Task details: Only the lines from the one containing "fibromialgia" to the end of the records belong in the answer; repeat them exactly and drop the pictures.
-----
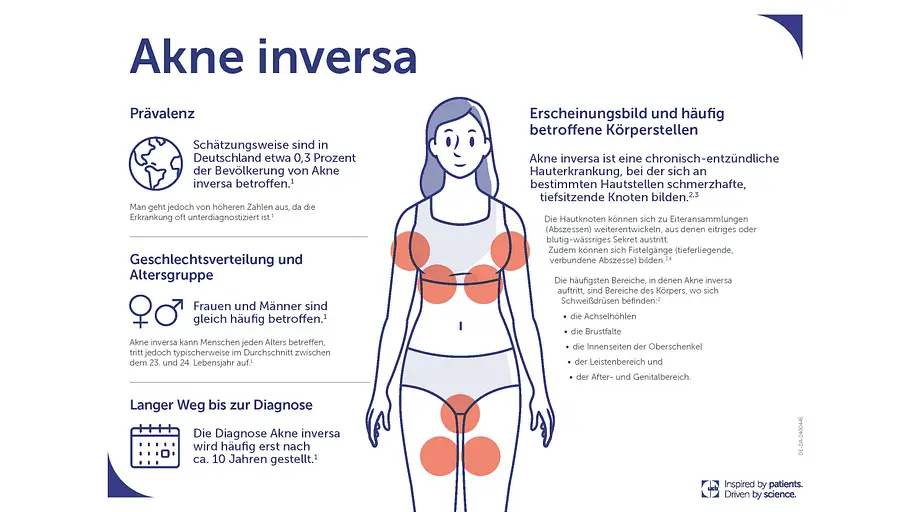 Akne inversa Akne inversa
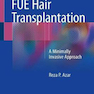 Fue Hair Transplantation : A Minimally Invasive Approach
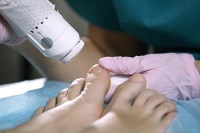 Why Laser Treatment for Fungal Nails Can Be Effective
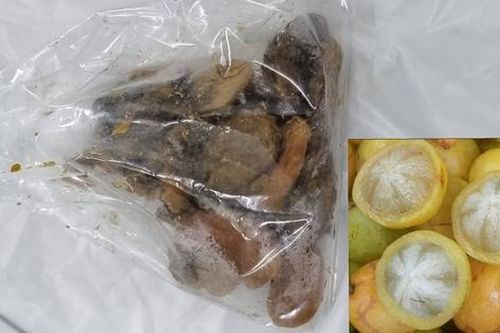Thủng trực tràng do ăn quả măng cụt rừng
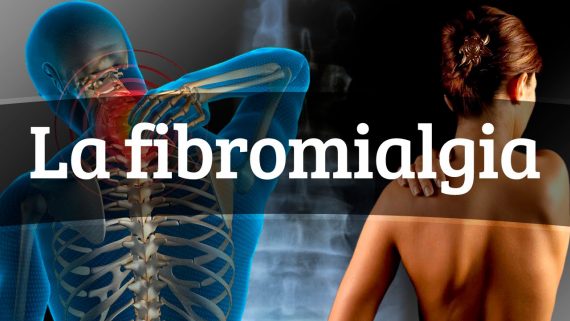 fibromialgia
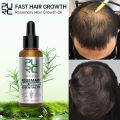 PURC Rosemary Oil Hair Growth Products for Man Women Ginger Anti Hair Loss Fast Regrowth Thicken Oils Scalp Treatment Hair Care. 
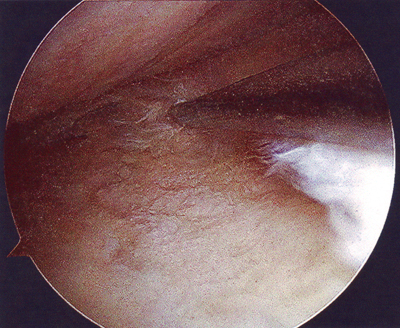 Sis�kierukan repe�m� syv�ll�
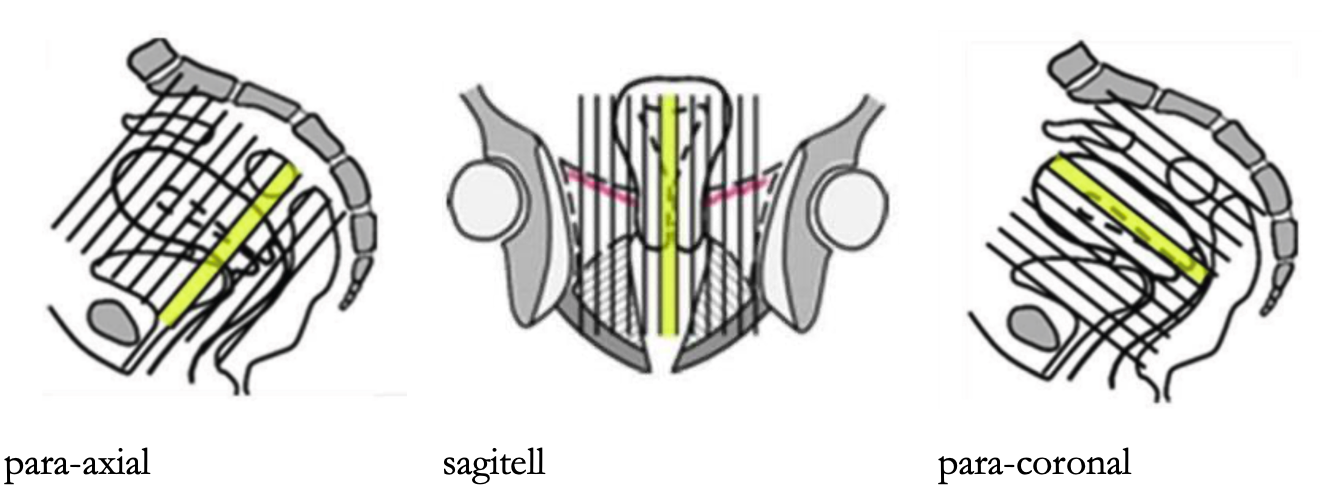 Kap 10.3.1.5 Figur 7.png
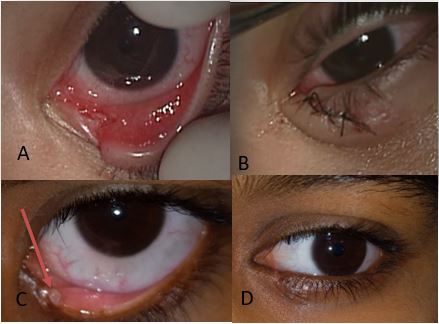 EYELID INJURY SURGERIES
-----
Result for this task:
 fibromialgia
 PURC Rosemary Oil Hair Growth Products for Man Women Ginger Anti Hair Loss Fast Regrowth Thicken Oils Scalp Treatment Hair Care. 
 Sis�kierukan repe�m� syv�ll�
 Kap 10.3.1.5 Figur 7.png
 EYELID INJURY SURGERIES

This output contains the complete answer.